L.A. Johnson writing for the Pittsburgh Post-Gazette in "West Virginia state lawmaker proposes ban on Barbie just before she turns 50," reports that

West Virginia Democratic Delegate Jeff Eldridge Tuesday proposed a bill to ban the sale of Barbie and similar dolls that promote physical beauty to the detriment of girls' intellectual and emotional development.

There are many things wrong with the proposal. The smallest is that he reversed causality. I doubt many girls, shopping for a new calculator, innocently happen by Barbie and are transformed by her hypnotic beauty into girls obsessed with their own physical imperfection, and drained by their inability to match hers. It is more likely that girls interested in physical beauty and fashion select dolls that match their interests. It is more likely still that the intellectual and emotional development of girls is simply not affected by playing with Barbies.
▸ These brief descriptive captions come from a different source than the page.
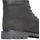 Timberland Premium 6-Inch Wide Fit black nubuck 36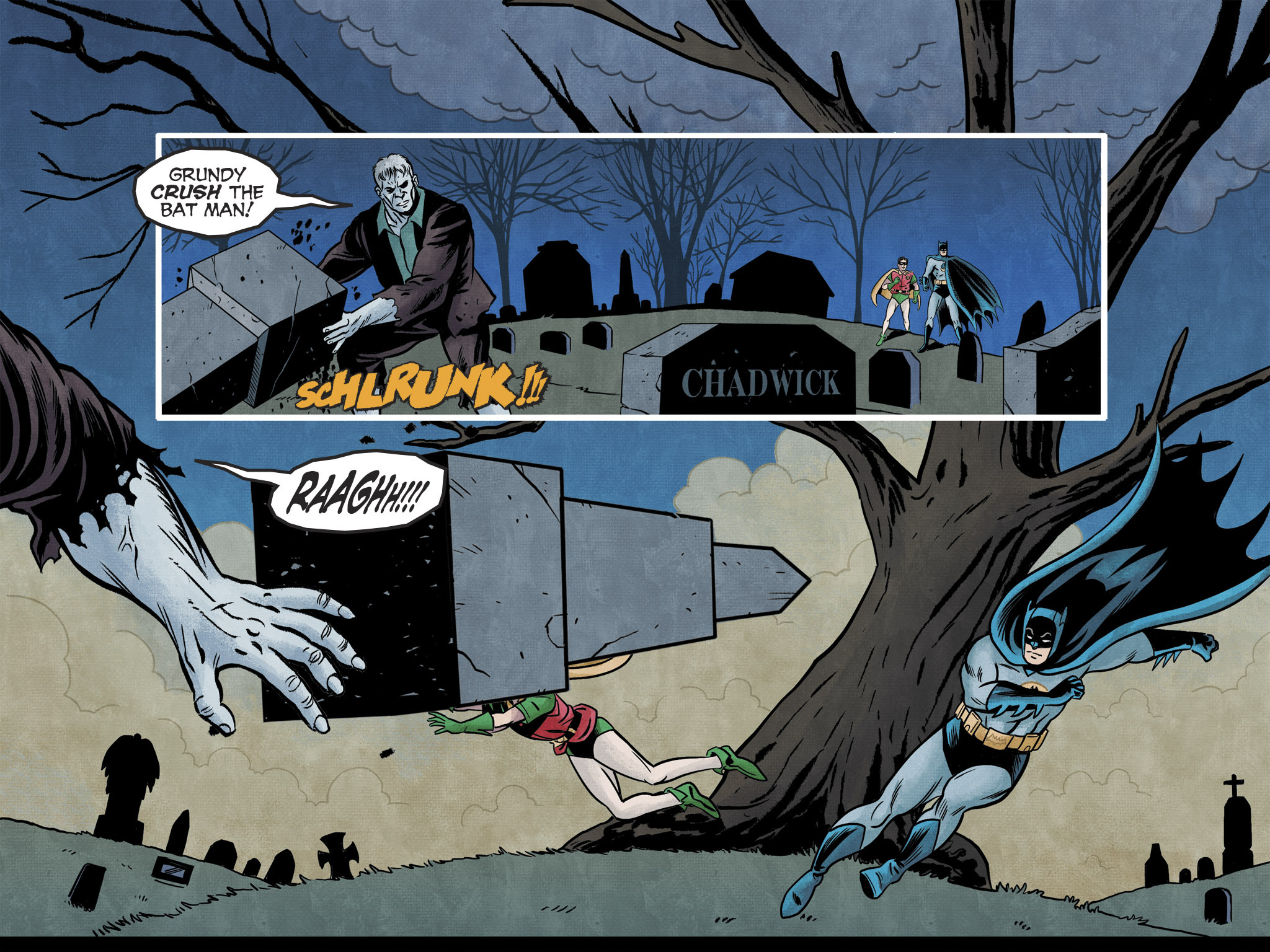 Read online Batman '66 [I] comic -  Issue #58 - 49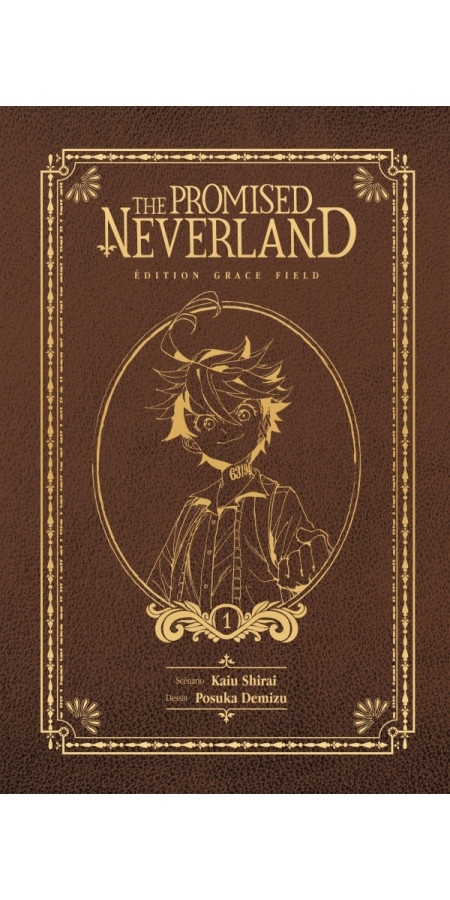 THE PROMISED NEVERLAND T01 RÉÉDITION DELUXE (VF)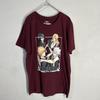 [USED] Vegeta t-shirt Dragon Ball Z tee anime manga OLD overseas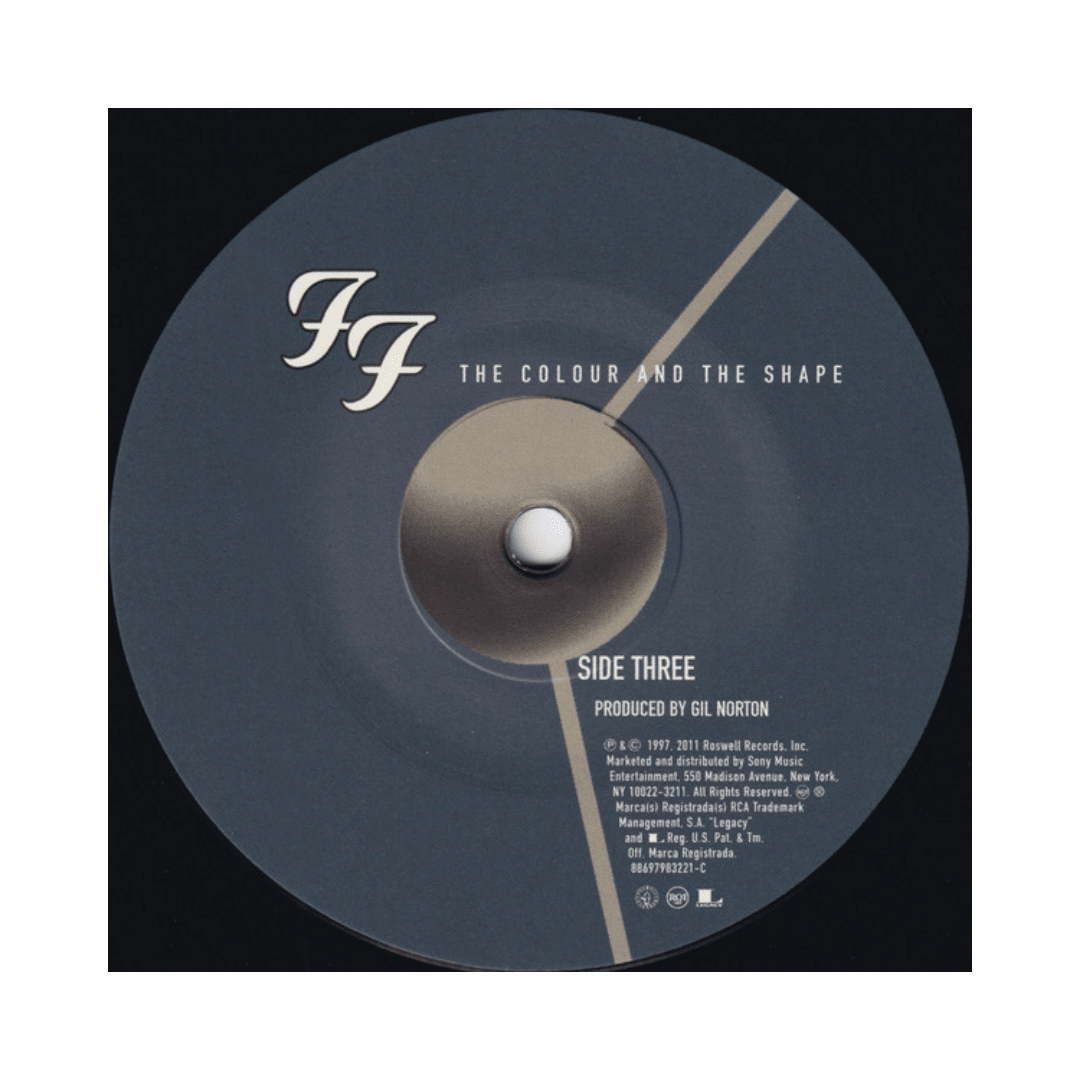 Foo Fighters The Colour And The Shape Vinilo5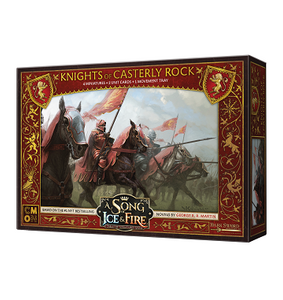 A Song of Ice Fire Tabletop Miniatures Game - Knights of Casterly Rock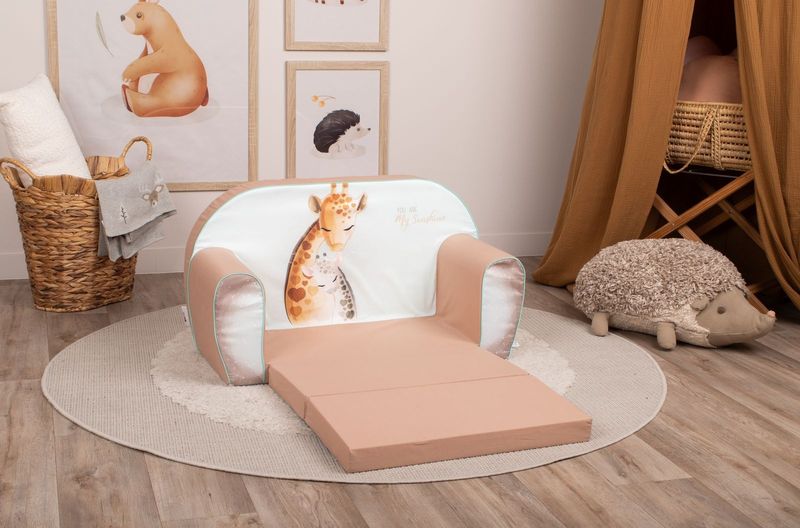 Bäddsoffa Giraffe Tall & Tiny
More significantly, when did anyone begin to believe that we, through our elected representatives, had the right or wisdom to dictate the types of dolls parents purchase for their children? What kind of people could elect a delegate in West Virginia who would make such an arrogant proposal let alone elect a sufficient number of representatives in Montpelier, Vermont to ban Barbie (2006)? I hope that the voters in West Virginian and Montpelier were fooled and that their representatives soon find themselves looking for other employment.